Review Summary: This only works if you let go too.
In 2017 Young Fathers released their best song, "Only God Knows". Despite its status as a between-albums loosie that only appears on the
Trainspotting 2 soundtrack, it best exemplifies the head-scratching mix of lo-fi basement pop, indie hip-hop and gospel that is the Scottish trio's trademark sound. The spine-tingling choir vocals in hindsight feel like a watershed moment for the band, the point in time where they started to turn away from the claustrophobic intensity of their previous work towards the light.

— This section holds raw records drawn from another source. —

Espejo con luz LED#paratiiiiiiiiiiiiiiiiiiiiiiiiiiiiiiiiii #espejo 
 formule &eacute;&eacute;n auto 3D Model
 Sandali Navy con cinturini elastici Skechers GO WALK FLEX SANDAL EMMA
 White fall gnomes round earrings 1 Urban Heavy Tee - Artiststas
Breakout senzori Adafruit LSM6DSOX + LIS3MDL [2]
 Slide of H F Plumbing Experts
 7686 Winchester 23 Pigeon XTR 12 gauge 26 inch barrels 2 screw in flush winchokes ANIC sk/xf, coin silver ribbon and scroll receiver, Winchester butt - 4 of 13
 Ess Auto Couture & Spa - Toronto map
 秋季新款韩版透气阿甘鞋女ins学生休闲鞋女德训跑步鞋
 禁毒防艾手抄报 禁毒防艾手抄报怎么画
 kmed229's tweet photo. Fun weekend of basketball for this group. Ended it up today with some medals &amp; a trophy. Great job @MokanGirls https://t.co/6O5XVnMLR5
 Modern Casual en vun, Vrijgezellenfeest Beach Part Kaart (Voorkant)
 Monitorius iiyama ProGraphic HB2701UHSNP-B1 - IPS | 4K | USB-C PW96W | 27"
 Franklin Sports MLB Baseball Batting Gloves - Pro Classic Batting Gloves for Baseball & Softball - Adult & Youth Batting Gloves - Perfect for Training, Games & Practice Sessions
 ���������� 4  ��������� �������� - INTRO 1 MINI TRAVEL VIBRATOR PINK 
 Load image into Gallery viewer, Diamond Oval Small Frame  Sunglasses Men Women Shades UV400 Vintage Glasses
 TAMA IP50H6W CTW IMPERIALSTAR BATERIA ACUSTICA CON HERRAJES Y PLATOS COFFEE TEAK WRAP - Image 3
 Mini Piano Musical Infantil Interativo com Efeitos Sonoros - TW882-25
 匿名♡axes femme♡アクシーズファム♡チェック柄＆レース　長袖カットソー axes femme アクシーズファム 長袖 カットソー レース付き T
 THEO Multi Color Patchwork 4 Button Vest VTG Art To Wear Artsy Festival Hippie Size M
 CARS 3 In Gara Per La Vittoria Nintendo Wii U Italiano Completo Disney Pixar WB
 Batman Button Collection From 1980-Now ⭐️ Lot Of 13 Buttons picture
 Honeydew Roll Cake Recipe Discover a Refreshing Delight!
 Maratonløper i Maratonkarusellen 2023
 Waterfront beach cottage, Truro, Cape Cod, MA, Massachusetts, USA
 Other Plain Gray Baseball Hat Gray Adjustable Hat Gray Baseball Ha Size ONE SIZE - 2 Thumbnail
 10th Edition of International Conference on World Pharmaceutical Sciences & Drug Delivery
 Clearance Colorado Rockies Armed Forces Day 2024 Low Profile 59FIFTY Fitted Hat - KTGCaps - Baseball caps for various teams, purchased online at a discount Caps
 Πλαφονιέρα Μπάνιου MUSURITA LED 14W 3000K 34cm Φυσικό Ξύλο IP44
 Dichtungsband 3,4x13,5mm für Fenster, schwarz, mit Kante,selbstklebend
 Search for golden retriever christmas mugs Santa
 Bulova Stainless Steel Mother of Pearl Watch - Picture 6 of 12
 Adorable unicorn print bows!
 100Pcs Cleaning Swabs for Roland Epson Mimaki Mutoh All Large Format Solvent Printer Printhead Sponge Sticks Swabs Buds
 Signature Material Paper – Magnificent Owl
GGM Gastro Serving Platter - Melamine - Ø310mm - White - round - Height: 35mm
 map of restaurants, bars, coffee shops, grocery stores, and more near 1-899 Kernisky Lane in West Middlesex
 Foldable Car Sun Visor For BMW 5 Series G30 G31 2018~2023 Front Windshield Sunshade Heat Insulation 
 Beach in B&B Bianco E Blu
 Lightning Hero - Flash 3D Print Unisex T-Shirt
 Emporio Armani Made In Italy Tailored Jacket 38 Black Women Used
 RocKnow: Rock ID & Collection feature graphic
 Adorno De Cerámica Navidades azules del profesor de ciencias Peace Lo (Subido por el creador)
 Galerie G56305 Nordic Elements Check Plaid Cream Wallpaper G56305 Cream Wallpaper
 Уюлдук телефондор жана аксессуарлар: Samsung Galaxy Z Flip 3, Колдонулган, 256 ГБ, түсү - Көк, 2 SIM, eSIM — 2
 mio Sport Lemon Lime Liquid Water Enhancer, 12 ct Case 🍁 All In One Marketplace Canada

Assuming this interpretation holds weight, it's fair to think of "Only God Knows" as something of a skeleton key for
Heavy Heavy, an ironic title for the band's most joyful and buoyant album. The lingering gospel influence has been excavated to the forefront of the band's sound, replacing much of the hip-hop they had been gradually orbiting away from. From the opening track "Rice",
Heavy Heavy evokes sunny images and feelings of contentment, emphasising the real connection between the three band members, who recorded the album entirely alone in their own studio. The ebullient "Drum" evokes memories of Animal Collective at their heavily-syncopated-foot-tapping best, while "Tell Somebody" feels like a years-later revision of the heartbreaking "Am I Not Your Boy" from
DEAD, here made bittersweetly optimistic by a church organ steadily rising in intensity and a vocal melody that lifts itself up to the sky. The album moves through sun-dappled psychedelic pop, indie rock and tinges of hip-hop like colours wheeling through a kaleidoscope; any given three-song stretch can recall snatches of The Avalanches, Panda Bear and Injury Reserve's
By the Time I Get to Phoenix, with the smoke-choked claustrophobia replaced by a hard-won optimism.
"Just put a big 'life' sticker on it," Alloysious Massaquoi says of the album in an Irish Times interview. "Life experiences. There's a communal aspect to this album, and that's to do with people, and community, and individuals. So it's just an album about... life." Describing it as a tribute to the conflicting, contrasting moods of a New Orleans procession, Massaquoi emphasises the time spent off by all three members reconnecting with their families as a significant influence on the direction of
Heavy Heavy. While Young Fathers' hip-hop days often felt mired in solitude and paranoia, and the conflicted
Cocoa Sugar seemed to be looking forward to a brighter future that hadn't quite arrived - just see the yearning, heartbreaking strains of "Lord" -
Heavy Heavy feels as if they've truly come to some kind of peace. It's a hell of a move, releasing an album this hopeful into a world still licking its wounds and hesitantly embracing intimacy again. But Young Fathers don't owe us anything except themselves, which
Heavy Heavy feels like a true and warmly sincere extension of, a hand extended from the light across the dark, if we're willing to let go and take it.